───── EXTRACTED RECORDS ─────

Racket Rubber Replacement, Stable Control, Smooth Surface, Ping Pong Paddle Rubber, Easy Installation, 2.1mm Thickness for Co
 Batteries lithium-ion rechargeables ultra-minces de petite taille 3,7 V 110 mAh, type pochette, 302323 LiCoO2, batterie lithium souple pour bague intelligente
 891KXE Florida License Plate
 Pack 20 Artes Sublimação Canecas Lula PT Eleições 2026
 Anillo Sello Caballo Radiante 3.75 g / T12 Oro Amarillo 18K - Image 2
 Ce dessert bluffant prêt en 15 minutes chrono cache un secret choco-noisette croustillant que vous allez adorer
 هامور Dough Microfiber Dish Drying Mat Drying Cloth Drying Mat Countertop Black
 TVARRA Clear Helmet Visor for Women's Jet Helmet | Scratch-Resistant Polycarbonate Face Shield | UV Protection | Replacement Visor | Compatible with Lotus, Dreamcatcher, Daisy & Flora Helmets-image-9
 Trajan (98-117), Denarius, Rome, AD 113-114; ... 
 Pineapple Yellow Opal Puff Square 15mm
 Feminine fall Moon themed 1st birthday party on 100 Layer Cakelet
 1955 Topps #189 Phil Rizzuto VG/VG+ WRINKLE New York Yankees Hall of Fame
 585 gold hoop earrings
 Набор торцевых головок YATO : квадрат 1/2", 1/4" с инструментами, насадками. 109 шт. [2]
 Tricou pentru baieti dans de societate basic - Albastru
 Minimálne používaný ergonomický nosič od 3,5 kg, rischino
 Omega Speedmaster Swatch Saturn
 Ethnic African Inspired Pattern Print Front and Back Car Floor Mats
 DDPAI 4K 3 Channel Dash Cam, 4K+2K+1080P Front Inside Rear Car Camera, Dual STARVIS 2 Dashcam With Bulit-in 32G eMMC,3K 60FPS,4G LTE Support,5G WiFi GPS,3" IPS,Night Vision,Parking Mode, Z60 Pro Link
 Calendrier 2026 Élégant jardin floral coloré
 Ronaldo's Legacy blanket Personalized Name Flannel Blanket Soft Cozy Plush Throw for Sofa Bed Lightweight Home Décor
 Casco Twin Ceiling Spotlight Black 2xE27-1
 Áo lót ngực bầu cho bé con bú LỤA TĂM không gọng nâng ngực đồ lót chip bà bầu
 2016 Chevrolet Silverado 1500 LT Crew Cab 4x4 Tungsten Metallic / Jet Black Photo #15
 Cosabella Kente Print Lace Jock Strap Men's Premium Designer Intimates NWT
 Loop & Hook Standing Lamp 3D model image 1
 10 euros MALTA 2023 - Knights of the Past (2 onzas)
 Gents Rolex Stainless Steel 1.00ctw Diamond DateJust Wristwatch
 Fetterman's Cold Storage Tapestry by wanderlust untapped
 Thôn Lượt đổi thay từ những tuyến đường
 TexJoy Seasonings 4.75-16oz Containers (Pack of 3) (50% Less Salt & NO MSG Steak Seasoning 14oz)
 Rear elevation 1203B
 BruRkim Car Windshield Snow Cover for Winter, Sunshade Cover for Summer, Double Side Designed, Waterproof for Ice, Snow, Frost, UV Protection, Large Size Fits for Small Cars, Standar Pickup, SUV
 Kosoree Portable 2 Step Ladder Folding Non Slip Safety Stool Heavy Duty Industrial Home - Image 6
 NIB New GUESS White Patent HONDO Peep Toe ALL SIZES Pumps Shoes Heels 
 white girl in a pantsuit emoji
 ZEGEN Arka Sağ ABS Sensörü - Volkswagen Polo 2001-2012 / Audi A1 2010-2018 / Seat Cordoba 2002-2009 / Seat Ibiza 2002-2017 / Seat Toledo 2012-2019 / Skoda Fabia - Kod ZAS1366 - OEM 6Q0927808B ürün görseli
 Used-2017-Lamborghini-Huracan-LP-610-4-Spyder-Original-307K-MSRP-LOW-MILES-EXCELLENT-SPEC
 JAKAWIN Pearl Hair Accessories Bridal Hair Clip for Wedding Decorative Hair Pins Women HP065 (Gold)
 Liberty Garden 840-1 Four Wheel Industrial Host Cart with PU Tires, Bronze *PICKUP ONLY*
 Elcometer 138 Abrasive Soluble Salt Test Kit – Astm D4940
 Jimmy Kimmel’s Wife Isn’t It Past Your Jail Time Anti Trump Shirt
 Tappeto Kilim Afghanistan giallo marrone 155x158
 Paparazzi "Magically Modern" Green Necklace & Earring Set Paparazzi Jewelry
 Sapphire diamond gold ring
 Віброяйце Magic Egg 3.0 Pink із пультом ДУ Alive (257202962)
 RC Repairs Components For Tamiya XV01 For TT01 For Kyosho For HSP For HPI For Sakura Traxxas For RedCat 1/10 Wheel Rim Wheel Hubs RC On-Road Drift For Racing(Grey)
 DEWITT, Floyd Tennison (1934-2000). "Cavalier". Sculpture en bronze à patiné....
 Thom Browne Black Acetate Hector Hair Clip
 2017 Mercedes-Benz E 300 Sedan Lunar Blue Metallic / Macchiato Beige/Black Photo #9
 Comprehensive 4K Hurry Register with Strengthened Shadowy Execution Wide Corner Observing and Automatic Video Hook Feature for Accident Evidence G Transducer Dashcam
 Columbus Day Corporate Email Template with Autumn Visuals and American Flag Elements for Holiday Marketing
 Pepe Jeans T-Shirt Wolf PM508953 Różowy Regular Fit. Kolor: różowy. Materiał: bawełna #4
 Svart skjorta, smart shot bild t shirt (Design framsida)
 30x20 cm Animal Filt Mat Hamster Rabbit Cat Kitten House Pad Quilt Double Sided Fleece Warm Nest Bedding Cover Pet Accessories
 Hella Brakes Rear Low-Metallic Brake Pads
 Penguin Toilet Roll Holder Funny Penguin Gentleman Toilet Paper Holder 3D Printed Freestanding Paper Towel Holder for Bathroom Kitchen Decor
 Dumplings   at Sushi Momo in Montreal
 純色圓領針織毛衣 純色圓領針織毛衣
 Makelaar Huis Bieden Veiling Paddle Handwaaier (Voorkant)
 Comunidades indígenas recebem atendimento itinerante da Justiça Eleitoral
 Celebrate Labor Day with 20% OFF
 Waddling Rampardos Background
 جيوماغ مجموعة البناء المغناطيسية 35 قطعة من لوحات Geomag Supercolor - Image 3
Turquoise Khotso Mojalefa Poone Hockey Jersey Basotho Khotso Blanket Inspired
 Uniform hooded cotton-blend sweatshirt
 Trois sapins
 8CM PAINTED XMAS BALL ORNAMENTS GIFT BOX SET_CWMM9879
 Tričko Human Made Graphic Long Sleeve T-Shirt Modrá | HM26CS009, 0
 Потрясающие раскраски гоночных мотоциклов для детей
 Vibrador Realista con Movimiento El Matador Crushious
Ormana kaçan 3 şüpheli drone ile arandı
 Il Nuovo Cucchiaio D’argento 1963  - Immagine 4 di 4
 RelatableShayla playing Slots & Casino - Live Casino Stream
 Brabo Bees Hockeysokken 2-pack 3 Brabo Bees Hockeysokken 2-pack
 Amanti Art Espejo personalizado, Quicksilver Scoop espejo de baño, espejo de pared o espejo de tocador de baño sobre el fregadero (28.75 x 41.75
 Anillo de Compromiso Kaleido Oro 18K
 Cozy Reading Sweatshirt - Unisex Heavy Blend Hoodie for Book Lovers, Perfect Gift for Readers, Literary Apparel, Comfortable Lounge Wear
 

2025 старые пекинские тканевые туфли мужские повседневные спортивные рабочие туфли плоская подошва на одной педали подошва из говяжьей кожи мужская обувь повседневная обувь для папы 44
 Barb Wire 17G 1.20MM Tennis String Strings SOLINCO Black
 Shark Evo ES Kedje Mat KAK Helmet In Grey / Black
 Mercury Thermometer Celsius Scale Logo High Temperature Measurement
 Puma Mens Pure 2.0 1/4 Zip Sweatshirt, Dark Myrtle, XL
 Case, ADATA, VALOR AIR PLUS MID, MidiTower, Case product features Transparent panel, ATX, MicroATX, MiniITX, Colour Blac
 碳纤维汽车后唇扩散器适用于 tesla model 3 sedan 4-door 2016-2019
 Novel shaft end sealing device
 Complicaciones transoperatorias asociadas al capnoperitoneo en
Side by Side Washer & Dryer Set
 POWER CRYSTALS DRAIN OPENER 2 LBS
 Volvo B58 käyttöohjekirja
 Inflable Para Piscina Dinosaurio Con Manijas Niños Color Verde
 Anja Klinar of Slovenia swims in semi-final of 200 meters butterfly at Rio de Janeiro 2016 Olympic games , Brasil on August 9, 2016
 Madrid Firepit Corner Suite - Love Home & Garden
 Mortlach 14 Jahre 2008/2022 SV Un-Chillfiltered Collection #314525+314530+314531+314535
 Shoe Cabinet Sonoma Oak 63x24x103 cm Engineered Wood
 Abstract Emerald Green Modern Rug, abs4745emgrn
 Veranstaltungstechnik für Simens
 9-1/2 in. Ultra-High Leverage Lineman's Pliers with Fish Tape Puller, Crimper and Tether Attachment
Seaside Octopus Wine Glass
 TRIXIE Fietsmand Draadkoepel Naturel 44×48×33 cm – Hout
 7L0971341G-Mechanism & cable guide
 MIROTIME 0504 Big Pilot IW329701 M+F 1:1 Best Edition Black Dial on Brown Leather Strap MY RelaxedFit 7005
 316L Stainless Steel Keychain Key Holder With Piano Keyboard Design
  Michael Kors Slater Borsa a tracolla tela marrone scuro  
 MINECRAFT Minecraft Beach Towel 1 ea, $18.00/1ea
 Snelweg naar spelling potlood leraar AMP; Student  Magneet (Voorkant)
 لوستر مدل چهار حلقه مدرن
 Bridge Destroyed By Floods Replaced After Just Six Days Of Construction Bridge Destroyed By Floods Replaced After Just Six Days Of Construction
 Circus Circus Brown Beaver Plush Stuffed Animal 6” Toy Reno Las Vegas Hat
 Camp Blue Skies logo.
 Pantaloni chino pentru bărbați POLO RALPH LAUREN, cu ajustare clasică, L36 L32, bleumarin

─────

Copy out precisely the lines from the line with "NIB New GUESS" to the line with "Віброяйце Magic Egg" in the material above, including those two lines and omitting all the rest.

 NIB New GUESS White Patent HONDO Peep Toe ALL SIZES Pumps Shoes Heels 
 white girl in a pantsuit emoji
 ZEGEN Arka Sağ ABS Sensörü - Volkswagen Polo 2001-2012 / Audi A1 2010-2018 / Seat Cordoba 2002-2009 / Seat Ibiza 2002-2017 / Seat Toledo 2012-2019 / Skoda Fabia - Kod ZAS1366 - OEM 6Q0927808B ürün görseli
 Used-2017-Lamborghini-Huracan-LP-610-4-Spyder-Original-307K-MSRP-LOW-MILES-EXCELLENT-SPEC
 JAKAWIN Pearl Hair Accessories Bridal Hair Clip for Wedding Decorative Hair Pins Women HP065 (Gold)
 Liberty Garden 840-1 Four Wheel Industrial Host Cart with PU Tires, Bronze *PICKUP ONLY*
 Elcometer 138 Abrasive Soluble Salt Test Kit – Astm D4940
 Jimmy Kimmel’s Wife Isn’t It Past Your Jail Time Anti Trump Shirt
 Tappeto Kilim Afghanistan giallo marrone 155x158
 Paparazzi "Magically Modern" Green Necklace & Earring Set Paparazzi Jewelry
 Sapphire diamond gold ring
 Віброяйце Magic Egg 3.0 Pink із пультом ДУ Alive (257202962)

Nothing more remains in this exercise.